Superiamo Tetouan e Chefcaouen, quando il navigatore (per il quale avevo appositamente comprato la mappa del Marocco su internet) impazzisce e ci fa prendere una serie di strade che in breve tempo ci portano sulle montagne dell’Atlante, attraverso strade distrutte, fatte da massi crollati, da polvere, terra e da qualunque cosa che non somigli all’asfalto. Sono le quattro ore più lunghe ed ansiose che abbiamo mai passato, siamo dispersi in mezzo alle montagne del Marocco, con navigatore e cellulari fuori uso, con un’auto da città, senza un’anima viva che ci possa aiutare e senza sapere dove andare, siamo disperati.

Decidiamo di andare avanti, anche perché fare retromarcia e tornare indietro è diventato impossibile, in macchina ci sono 53°, roba da svenire, e i nostri compagni di viaggio sono capre e asini, sicuramente più a loro agio di noi, attraversiamo qualche paesino fantasma, e poi un po’ alla volta iniziamo a intravedere un barlume di speranza. Riusciamo a tornare su una strada sterrata, che per quello che avevamo passato era un miraggio, il navigatore ricomincia a funzionare, e ad indicare che a Fez mancano “solo” un paio d’ore.

Otto ore dopo essere sbarcati in Africa, raggiungiamo finalmente il nostro albergo a Sidi Harazem a pochi chilometri da Fez (Sogatour Sidi Harazem) che non ha nulla a che fare con le foto viste su internet, l’hotel è una struttura immensa lasciata andare da almeno dieci anni, quello che doveva essere un’oasi di pace e benessere in mezzo alle montagne si stava rivelando un vecchio albergo abbandonato a se stesso; tuttavia siamo talmente stremati ed esausti, ed è talmente tanta la gioia di essere arrivati che non facciamo caso a tutto ciò, il fatto di poter avere una doccia, un pasto, e una stanza dove poter riposare è più di quanto potessimo desiderare. Facciamo una nuotata in piscina e poi ceniamo con un poulet a la citronelle, vera specialità marocchina, un capolavoro di profumi, colori e bontà, e con un improbabile rosè del rif marocchino, un vino acidissimo e imbevibile.

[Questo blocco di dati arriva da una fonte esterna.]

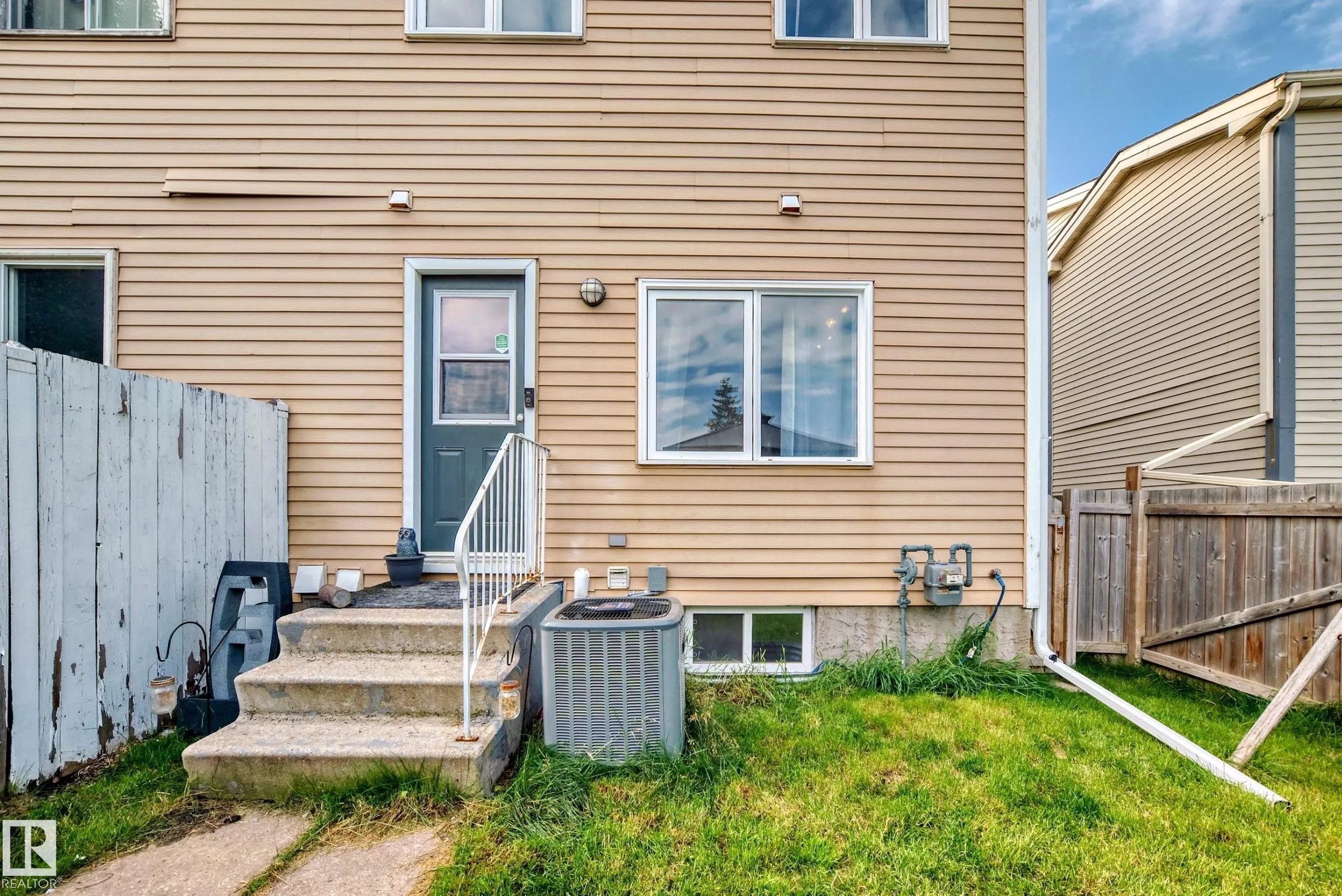 869 VILLAGE Mews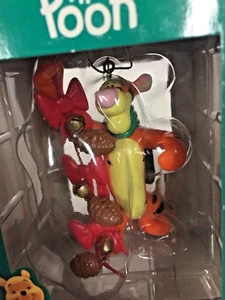 DISNEY WINNIE THE POOH Tigger w/Garland Christmas Ornament (1B419) - Picture 1 of 4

12-8 Il nostro programma di viaggio originale prevedeva la partenza per Beni Mellal, ma dopo la pessima esperienza del giorno precedente decidiamo di rimanere a Fez e di pianificare con cura le tappe successive; l’inizio del ramadan aveva fatto si che quei pochi clienti che c’erano la sera prima se ne fossero andati tutti, cosi ci ritroviamo io e la mia ragazza da soli in un albergo da 400 camere con una trentina di persone in teoria tutte a nostro servizio; dormono tutti e tutto il giorno (non mangiare e soprattutto non bere con 50° fuori per tutto il giorno è faticoso) facciamo in pratica quello che ci pare, è come essere a casa, in fondo per riposarsi non si sta poi cosi male, da internet prenotiamo per i tre giorni successivi un meraviglioso riad a Salè, alle porte di Rabat e passiamo la giornata ad oziare in piscina.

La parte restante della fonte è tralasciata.